New Government Initiative Will Benefit 10-State Effort To Save Declining Songbird

Friday, March 9, 2012
Golden-winged Warbler
Golden-winged Warbler
- photo by Laura Erickson

The new “Working Lands For Wildlife” (WLW) project announced Friday by the Departments of the Interior and Agriculture will provide substantial benefits to birds and other wildlife, but will be especially beneficial to the imperiled Golden-winged Warbler.

The WLW project will provide a huge boost for a Golden-winged Warbler conservation effort in the eastern U.S. involving dozens of organizations across ten states. The effort is being facilitated by the Appalachian Mountains Joint Venture (AMJV), and American Bird Conservancy (ABC). Partners include federal and state agencies, universities and not-for-profit conservation organizations. The Golden-winged Warbler effort is being carried out in the species’ Appalachian breeding range of Georgia, Tennessee, North Carolina, Virginia, Kentucky, West Virginia, Maryland, Pennsylvania, New York, and New Jersey.

“The Golden-winged Warbler is one of the most seriously threatened, non-federally listed species in eastern North America. Everyone familiar with its plight should be excited about the WLW project and the opportunity it provides to better engage private landowners in the.  conservation effort. If we are going to have this bird around for future generations, we’re going to need both public and private collaboration,” said Brian Smith, AMJV coordinator and a wildlife biologist with ABC.

"The additional funding from the WLW project will provide for increased on-the-ground habitat restoration and conservation for the Golden-winged Warbler. These efforts will be complemented by technical expertise that AMJV partners will provide through monitoring the species’ response to habitat work, and the vital educational component designed to improve understanding of the importance of young forests and scrubby, open habitat to this bird,” Mr. Smith said.

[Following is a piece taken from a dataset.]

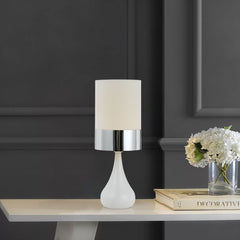 TFS CERAMIC TABLE LAMP 25wE14max D:150 H:410 WHITE/CHROME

In addition to benefits to the Golden-winged Warbler, the WLW will also boost conservation efforts for the Greater Sage-grouse, Lesser Prairie-chicken, and Southwestern Willow Flycatcher in the western and central U.S., as well as three non-bird species currently listed or proposed for listing under the Endangered Species Act: the New England cottontail rabbit, bog turtle, and gopher tortoise.

This WLW project follows a sage-grouse initiative in the West that began nearly two years ago. The initiative is being delivered by the Natural Resources Conservation Service (NRCS) through conservation programs in the Farm Bill, with support from the U.S. Fish and Wildlife Service (FWS) Partners for Fish and Wildlife Program, state fish and wildlife agencies, and other partners.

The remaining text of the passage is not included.